The decision provides significant and detailed guidance on the scope and application of the BLO regime, and has important implications for corporate groups operating in the construction sector, particularly those facing potential exposure to building safety claims in the aftermath of the Grenfell Tower tragedy.
What are Building Liability Orders?
Building Liability Orders (BLOs) are an order that the High Court has the power to make under s.130 of the BSA, if it considers it "just and equitable" to do so. One policy intention underpinning s. 130 is to prevent developers from escaping liability for building safety defects by setting up thinly capitalised special purpose vehicles (SPVs) to carry out developments, wind these up following completion, and thus allow their well-capitalised parent companies to avoid long-term liability for any defective works.
Importantly however, this judgment clarifies that the policy intent "should not be defined as in any way limited to being directed at" SPVs and shell companies. Instead, it has a broader legislative purpose which is to allow those directly responsible for defective work to be pursued through their "associates", creating an effective route of redress against those responsible for historical building safety defects.
BLOs do this by extending a "relevant liability" of a body corporate (Party A) so that it will also be a liability of an "associated" body corporate (Party B). In the event that a BLO is made, Parties A and B will then be jointly and severally liable for the relevant liability.

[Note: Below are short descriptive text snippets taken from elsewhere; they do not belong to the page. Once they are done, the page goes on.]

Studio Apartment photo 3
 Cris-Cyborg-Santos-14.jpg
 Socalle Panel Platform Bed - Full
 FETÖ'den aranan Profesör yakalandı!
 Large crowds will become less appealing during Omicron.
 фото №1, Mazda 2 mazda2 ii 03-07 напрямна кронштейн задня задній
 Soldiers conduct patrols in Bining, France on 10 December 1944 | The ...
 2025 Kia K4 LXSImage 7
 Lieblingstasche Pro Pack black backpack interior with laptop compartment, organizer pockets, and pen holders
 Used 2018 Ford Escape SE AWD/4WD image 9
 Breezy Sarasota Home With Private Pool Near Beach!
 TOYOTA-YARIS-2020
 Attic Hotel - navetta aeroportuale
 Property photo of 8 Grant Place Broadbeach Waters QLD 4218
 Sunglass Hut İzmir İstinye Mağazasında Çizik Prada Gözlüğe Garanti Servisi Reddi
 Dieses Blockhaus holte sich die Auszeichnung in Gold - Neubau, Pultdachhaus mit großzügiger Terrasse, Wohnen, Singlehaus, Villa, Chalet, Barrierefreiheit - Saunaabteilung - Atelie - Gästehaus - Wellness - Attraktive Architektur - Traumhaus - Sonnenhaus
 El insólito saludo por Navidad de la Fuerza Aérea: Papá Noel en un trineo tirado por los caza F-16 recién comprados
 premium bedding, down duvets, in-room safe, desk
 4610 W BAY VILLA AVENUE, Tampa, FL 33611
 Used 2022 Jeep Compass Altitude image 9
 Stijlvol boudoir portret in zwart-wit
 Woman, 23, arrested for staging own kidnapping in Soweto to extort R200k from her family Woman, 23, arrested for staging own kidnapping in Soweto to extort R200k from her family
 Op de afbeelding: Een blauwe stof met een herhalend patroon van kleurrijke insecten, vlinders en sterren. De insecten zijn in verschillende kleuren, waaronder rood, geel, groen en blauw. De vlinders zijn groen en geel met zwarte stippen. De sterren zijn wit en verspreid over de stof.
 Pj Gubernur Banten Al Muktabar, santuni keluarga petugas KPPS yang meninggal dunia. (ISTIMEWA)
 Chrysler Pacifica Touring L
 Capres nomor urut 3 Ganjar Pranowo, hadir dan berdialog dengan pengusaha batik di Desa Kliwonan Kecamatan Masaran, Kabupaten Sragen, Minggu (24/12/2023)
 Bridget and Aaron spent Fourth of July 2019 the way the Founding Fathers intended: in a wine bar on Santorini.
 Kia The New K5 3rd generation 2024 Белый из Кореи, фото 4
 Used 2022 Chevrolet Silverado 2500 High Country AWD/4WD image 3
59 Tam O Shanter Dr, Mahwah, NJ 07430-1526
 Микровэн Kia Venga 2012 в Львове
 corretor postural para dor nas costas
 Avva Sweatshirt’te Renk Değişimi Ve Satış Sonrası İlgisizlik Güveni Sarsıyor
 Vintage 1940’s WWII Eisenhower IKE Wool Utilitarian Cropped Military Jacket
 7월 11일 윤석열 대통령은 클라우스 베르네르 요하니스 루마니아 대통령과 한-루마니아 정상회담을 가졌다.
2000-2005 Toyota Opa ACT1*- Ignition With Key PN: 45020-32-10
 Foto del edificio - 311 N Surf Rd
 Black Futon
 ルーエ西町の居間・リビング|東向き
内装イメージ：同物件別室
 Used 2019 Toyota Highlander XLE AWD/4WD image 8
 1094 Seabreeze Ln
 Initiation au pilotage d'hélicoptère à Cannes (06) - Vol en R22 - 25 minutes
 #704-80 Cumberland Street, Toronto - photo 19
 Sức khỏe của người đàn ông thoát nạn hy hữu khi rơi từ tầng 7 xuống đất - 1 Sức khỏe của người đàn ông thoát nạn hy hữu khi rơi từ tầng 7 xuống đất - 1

The dispute and development background: Admiralty Quarter, Portsmouth
The dispute concerned the Admiralty Quarter development in Portsmouth, a residential scheme comprising 18 buildings and a 21-storey tower, constructed between 2007 and 2009. ACL had been engaged by Crest Nicholson Regeneration Limited to carry out the design and construction of the development. Following investigations prompted by the Grenfell Tower fire in June 2017, extensive fire safety defects were discovered in the external wall systems, including widespread use of non-compliant combustible insulation and missing or defective fire barriers.
ACL's administration and group structure
ACL entered administration on 28 August 2025, the day before an adjudicator issued a decision awarding Crest approximately £14.9 million in respect of the external wall defects. ACL's administration was driven, at least in significant part, by its exposure to cladding defects claims following Grenfell, and ACL did not have the means to satisfy either the adjudicator's decision or any future judgment.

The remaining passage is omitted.